◆ **THE TASK**
Give all of the data below again exactly, and drop the images.

◆ **PROVIDED MATERIAL**
——

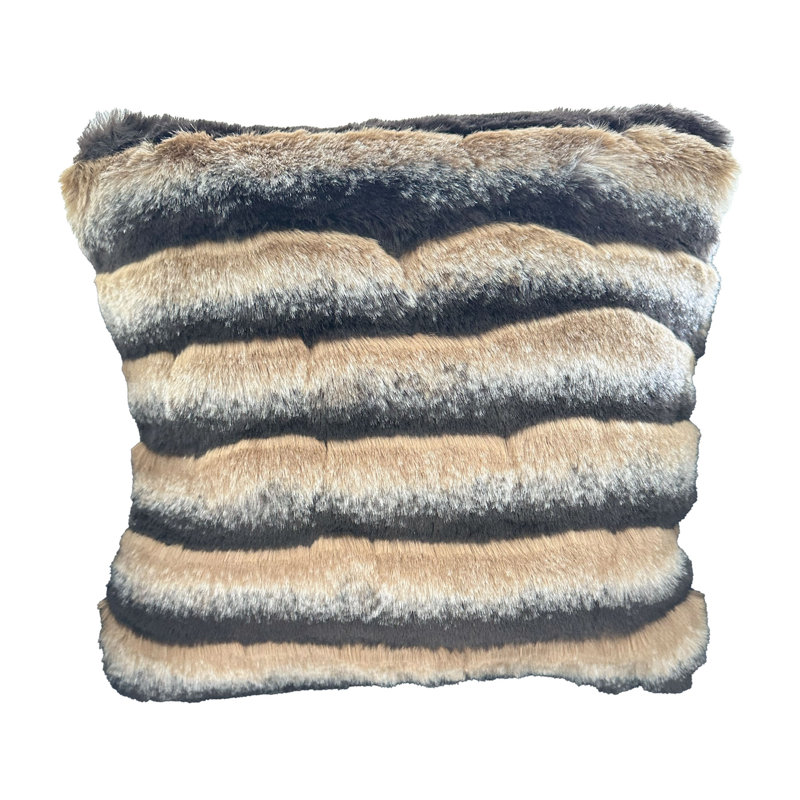 Coussin Wild Wolf, 20 po x 20 po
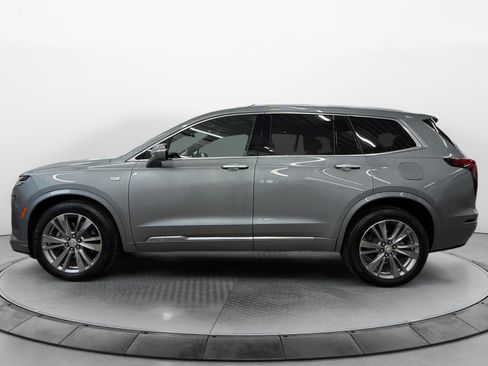 Used 2023 Cadillac XT6 Premium Luxury image 3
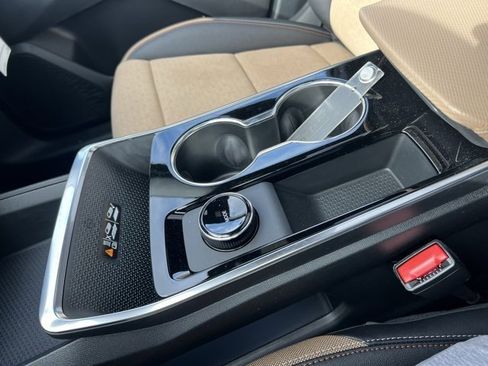 New 2026 Chevrolet Equinox ACTIV w/ Convenience Package III image 22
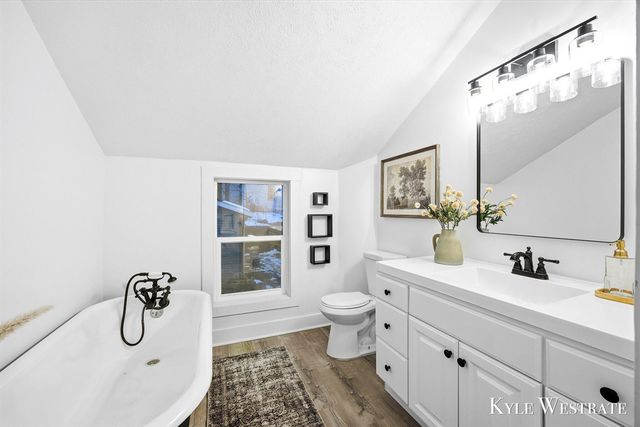 117 Houseman Avenue, Grand Rapids, MI 49503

——

◆ **RESPONSE TO THE TASK**
 Coussin Wild Wolf, 20 po x 20 po
 Used 2023 Cadillac XT6 Premium Luxury image 3
 New 2026 Chevrolet Equinox ACTIV w/ Convenience Package III image 22
 117 Houseman Avenue, Grand Rapids, MI 49503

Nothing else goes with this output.